New Zealand’s dollar gained to its highest in two and a half years against Australia’s after manufacturing in the smaller economy expanded last month, boosting prospects its Reserve Bank will raise interest rates.
The so-called kiwi matched its strongest level since September 2011 against the greenback after a manufacturing index rose to its highest in eight months and consumer confidence climbed.

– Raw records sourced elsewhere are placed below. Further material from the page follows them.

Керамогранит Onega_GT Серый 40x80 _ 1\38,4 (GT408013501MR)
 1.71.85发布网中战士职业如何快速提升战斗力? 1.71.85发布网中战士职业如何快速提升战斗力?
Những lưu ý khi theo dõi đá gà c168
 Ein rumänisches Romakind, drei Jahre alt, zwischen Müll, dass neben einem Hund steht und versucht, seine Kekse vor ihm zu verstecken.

Australia’s currency fell versus the U.S. dollar as traders predicted its central bank will lower rates to a record this year.
“The RBNZ are likely to maintain a steady rates profile throughout this year, whereas data in Australia still suggests that we’ve going to get further rate cuts,” said Timothy Riddell, the Singapore-based head of global markets research at Australia & New Zealand Banking Group Ltd. “The data surprises seem to be supporting kiwi over Australia at the moment.”
New Zealand’s currency rose 0.4 percent to NZ$1.2219 per Aussie dollar at 4:46 p.m. in Sydney, after climbing to NZ$1.2197, the highest since July 2010. It gained 0.2 percent to 84.71 U.S. cents after touching 84.93, matching the most since September 2011. The kiwi advanced 0.4 percent to 79.28 yen. Australia’s dollar fell 0.2 percent to $1.0350 and was little changed at 96.88 yen.
New Zealand’s Performance of Manufacturing Index increased to 55.2 in January from a revised 50.4 in December, Business New Zealand and the Bank of New Zealand Ltd. said in a statement released in Wellington. A reading over 50 signifies expansion.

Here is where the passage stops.